Print version ISSN 1405-5546

Comp. y Sist. vol.14 n.1 México Jul./Sep. 2010

 

Resumen de tesis doctoral

 

Fast Most Similar Neighbor (MSN) classifiers for Mixed Data

 

Clasificadores Rápidos basados en el algoritmo del Vecino más Similar (MSN) para Datos Mezclados

 

Graduated: Selene Hernández Rodríguez
E mail: selehdez@ccc.inaoep.mx
National Institute of Astrophysics, Optics and Electronics
Luis Enrique Erro # 1, Santa María Tonantzintla,
C.P. 72840, Puebla, México.

Advisor: José Fco. Martínez Trinidad
E mail: fmartine@inaoep.mx
National Institute of Astrophysics, Optics and Electronics
Luis Enrique Erro # 1, Santa María Tonantzintla,
C.P. 72840, Puebla, México.

Advisor: Jesús Ariel Carrasco Ochoa
E mail: ariel@inaoep.mx
National Institute of Astrophysics, Optics and Electronics
Luis Enrique Erro # 1, Santa María Tonantzintla,
C.P. 72840, Puebla, México.

 

Abstract

The k nearest neighbor (k–NN) classifier has been extensively used in Pattern Recognition because of its simplicity and its good performance. However, in large datasets applications, the exhaustive k–NN classifier becomes impractical. Therefore, many fast k–NN classifiers have been developed; most of them rely on metric properties (usually the triangle inequality) to reduce the number of prototype comparisons. Hence, the existing fast k–NN classifiers are applicable only when the comparison function is a metric (commonly for numerical data). However, in some sciences such as Medicine, Geology, Sociology, etc., the prototypes are usually described by qualitative and quantitative features (mixed data). In these cases, the comparison function does not necessarily satisfy metric properties. For this reason, it is important to develop fast k most similar neighbor (k–MSN) classifiers for mixed data, which use non metric comparisons functions. In this thesis, four fast k–MSN classifiers, following the most successful approaches, are proposed. The experiments over different datasets show that the proposed classifiers significantly reduce the number of prototype comparisons.

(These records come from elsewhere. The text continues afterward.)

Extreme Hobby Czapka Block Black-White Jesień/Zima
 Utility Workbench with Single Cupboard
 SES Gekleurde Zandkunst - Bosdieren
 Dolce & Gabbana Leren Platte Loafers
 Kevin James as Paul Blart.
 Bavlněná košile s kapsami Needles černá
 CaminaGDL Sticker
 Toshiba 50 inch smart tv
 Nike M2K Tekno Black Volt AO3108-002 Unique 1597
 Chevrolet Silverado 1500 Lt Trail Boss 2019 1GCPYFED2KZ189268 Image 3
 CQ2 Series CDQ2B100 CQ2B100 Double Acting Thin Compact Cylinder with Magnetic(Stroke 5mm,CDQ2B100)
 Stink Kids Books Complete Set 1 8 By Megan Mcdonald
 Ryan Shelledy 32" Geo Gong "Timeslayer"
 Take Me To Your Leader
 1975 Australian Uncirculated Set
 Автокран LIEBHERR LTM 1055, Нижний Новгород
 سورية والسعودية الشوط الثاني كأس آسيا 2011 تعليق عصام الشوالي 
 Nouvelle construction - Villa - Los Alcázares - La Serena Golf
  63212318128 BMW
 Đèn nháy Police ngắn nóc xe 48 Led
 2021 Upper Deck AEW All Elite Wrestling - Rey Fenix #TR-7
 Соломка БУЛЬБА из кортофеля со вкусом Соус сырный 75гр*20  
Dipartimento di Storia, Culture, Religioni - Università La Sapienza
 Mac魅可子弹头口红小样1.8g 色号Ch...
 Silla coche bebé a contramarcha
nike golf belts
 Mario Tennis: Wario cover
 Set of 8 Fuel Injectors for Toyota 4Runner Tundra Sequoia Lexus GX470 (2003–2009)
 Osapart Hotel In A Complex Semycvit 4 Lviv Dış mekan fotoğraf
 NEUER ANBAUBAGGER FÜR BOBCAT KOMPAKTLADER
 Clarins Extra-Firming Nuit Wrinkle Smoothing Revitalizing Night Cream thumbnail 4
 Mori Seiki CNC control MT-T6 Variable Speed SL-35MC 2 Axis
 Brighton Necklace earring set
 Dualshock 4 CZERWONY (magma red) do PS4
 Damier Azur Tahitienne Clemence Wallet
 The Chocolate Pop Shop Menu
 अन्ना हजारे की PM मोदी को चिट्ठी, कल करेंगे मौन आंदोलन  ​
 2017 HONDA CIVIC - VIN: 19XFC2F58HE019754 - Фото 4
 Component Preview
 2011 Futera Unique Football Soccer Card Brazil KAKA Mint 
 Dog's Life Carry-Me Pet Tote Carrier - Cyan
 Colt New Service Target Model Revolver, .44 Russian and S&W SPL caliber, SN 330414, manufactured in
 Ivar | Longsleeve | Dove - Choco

Keywords: Nearest neighbor rule, fast nearest neighbor search, mixed data, non–metric comparison functions.

 

Resumen

El clasificador k vecinos más cercanos (k–NN) ha sido ampliamente utilizado dentro del Reconocimiento de Patrones debido a su simplicidad y buen funcionamiento. Sin embargo, en aplicaciones en las cuales el conjunto de entrenamiento es muy grande, la comparación exhaustiva que realiza k–NN se vuelve inaplicable. Por esta razón, se han desarrollado diversos clasificadores rápidos k–NN; la mayoría de los cuales se basan en propiedades métricas (en particular la desigualdad triangular) para reducir el número de comparaciones entre prototipos. Por lo cual, los clasificadores rápidos k–NN existentes son aplicables solamente cuando la función de comparación es una métrica (usualmente con datos numéricos). Sin embargo, en algunas ciencias como la Medicina, Geociencias, Sociología, etc., los prototipos generalmente están descritos por atributos numéricos y no numéricos (datos mezclados). En estos casos, la función de comparación no siempre cumple propiedades métricas. Por esta razón, es importante desarrollar clasificadores rápidos basados en la búsqueda de los k vecinos más similares (k–MSN) para datos mezclados que usen funciones de comparación no métricas. En esta tesis, se proponen cuatro clasificadores rápidos k–MSN, siguiendo los enfoques más exitosos. Los experimentos con diferentes bases de datos muestran que los clasificadores propuestos reducen significativamente el número de comparaciones entre prototipos.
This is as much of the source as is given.